I can still see the tan ring around his ankles as he’d prop his feet, adorned with sticky and stained white tennis socks, on the coffee table in the den after a day on the golf course. Sipping his vodka martini and wondering if a golf tournament was on TV,
he would close his eyes for a late afternoon nap.
Now lying in bed with the oxygen pump humming next to him, it’s difficult to envision my father-in-law puttering about his house pretending to clean the backyard pool of its bugs and stray leaves while his beloved black lab, Onyx, meanders behind him. Two years ago, Dave was diagnosed with stage 4 lung cancer. As a retired ENT, he understood the gravity of his diagnosis; he knew what he was looking at when the oncologist snapped the x-rays on the light board. His four grown children, married with families of their own, were—as he knew they would be– devastated by the grim prognosis: 2-3 months to live.

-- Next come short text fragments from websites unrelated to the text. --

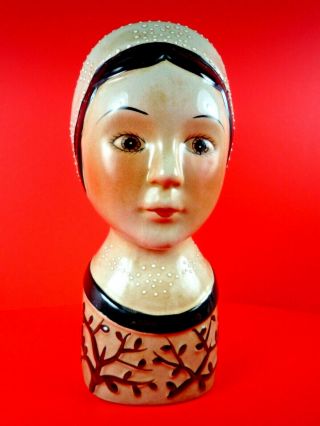 Rare Vintage Colonial Amish Folk Art Girl Head Vase
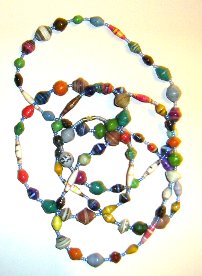 extra long mult-coloured paper bead necklace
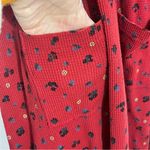 90s Red Floral Midi Dress w/ Pockets Cottagecore Made in USA Size Large Photo 3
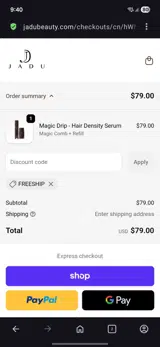 Jadu Beauty coupon verification screenshot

Immediately, preparations were made for a last family vacation in Avalon, NJ. My in-laws rented a palatial house on the beach, and everyone baked in the sun and devoured ice cream cones, not only that summer of the dismal diagnosis but for the three consecutive, unpromised Augusts we were given with him. The first summer everyone wanted to play ping-pong with Pop-Pop or deliver his medium-rare burger with pickles and mustard and ketchup to his plate or share a tub of caramel corn with him. Last summer, just sitting next to him on the porch and enjoying the sunset was enough.
My father-in-law defied the odds. He responded favorably to all his chemo treatments, and the cancer’s growth was halted. We had three consecutive Avalon summers and two joyous Christmases with him –lucid and in his own, quiet, sleepy manner—participatory. During the past two years, he has been able to celebrate his wife’s 70th birthday, his 47th wedding anniversary, and in August 2008, he held his fifth grandchild in his arms.
I believe in appreciating every single moment we have together. Even though my father-in-law is visibly suffering so much that he can no longer sit up in bed or breathe independently, I believe in appreciating the chance to have the long goodbye because it has given everyone a chance to love him and to care for him and to treasure time with him for the past two years and 5 months; and it has given him a chance to know how much he’s loved. The long goodbye is —difficult and painful. It is also a gift.